詠う(短歌)

短歌:11首選ぶということ

原稿をいつもどおり速達で送った。今月はもう一つある、11首選。作品1(同人)の中から11首選ぶのだ。これが思いのほか大変。自分の歌は見えないのに(から)、人の歌はあれこれ言いたくなる。独自の言葉をどこまで発見できるか、だろうか。いつもいい歌を詠んでいる人もある。

誕生日がやってくる12月、今月は嬉しかった。好日12月号「私の好きな歌」で選んでもらった1首の批評の言葉。読み取って欲しい気持ちを、それ以上でも以下でもなく汲み取ってくださったこと、そこまで理解していただけるのかと嬉しかった。
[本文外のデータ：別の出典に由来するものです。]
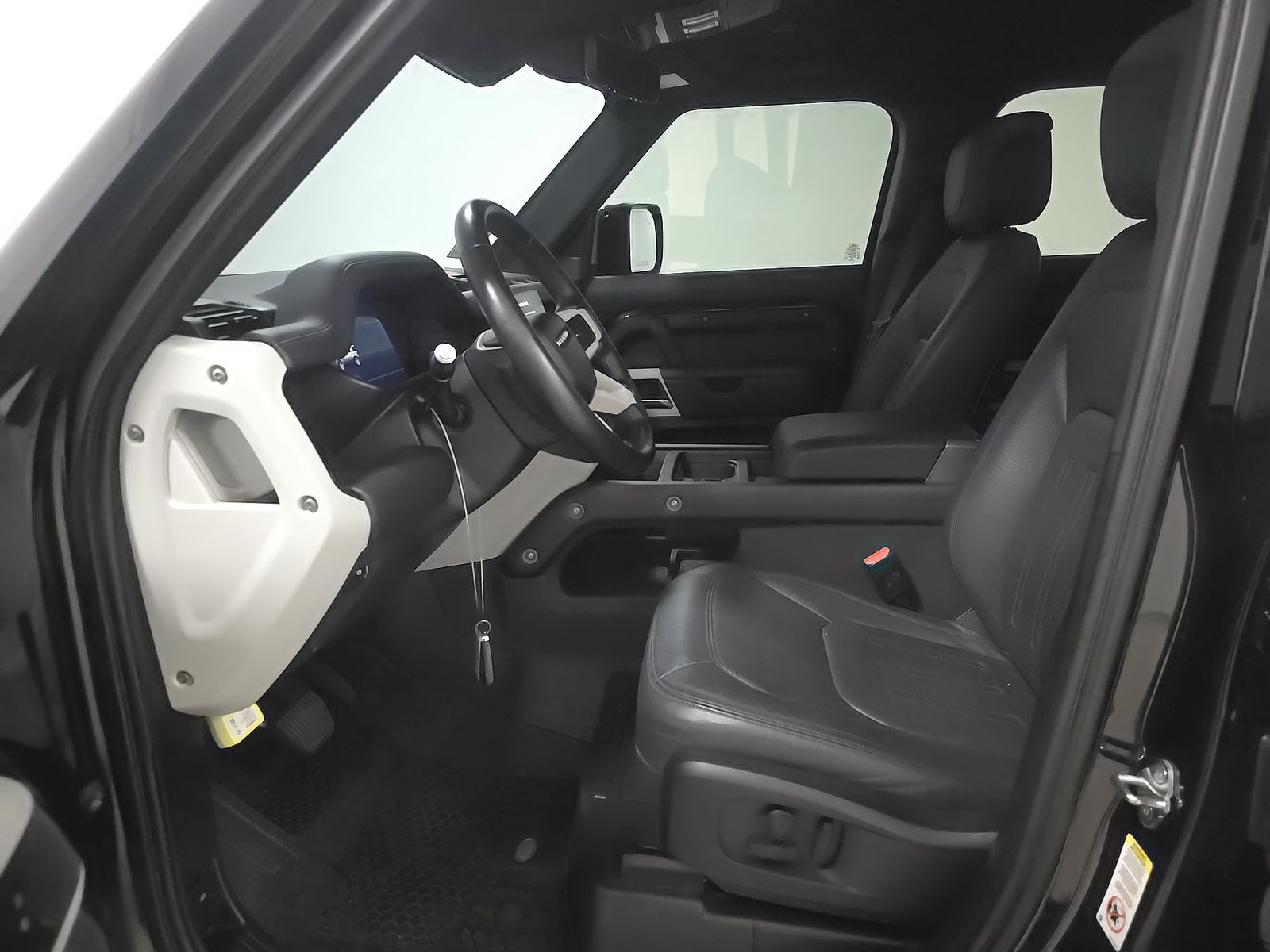 2022 Land Rover Defender 110 XS Edition AWD
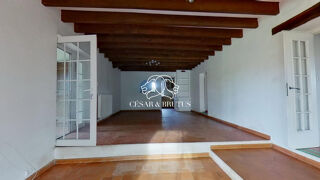  Maison à vendre 6 pièces 180 m²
《八月の光に混じる祖父の声    戦死した伯父の名が降りそそぐ》
(好日10月号より)

8月は特別の月だ。戦後生まれだけど8月15日の正午のサイレンと沈黙の重苦しさを毎年、18歳で故郷を離れるときまで体験した。写真だけの戦死者でしかなかった伯父が、祖父や母の話を通して、血肉を持つ生きていた人に変わっていった気がする。思いだけが渦巻くようにあって、まだまだ詠みきれていない。

東京新聞夕刊「この道」に早乙女勝元氏が戦時中、戦後の体験を掲載中だ。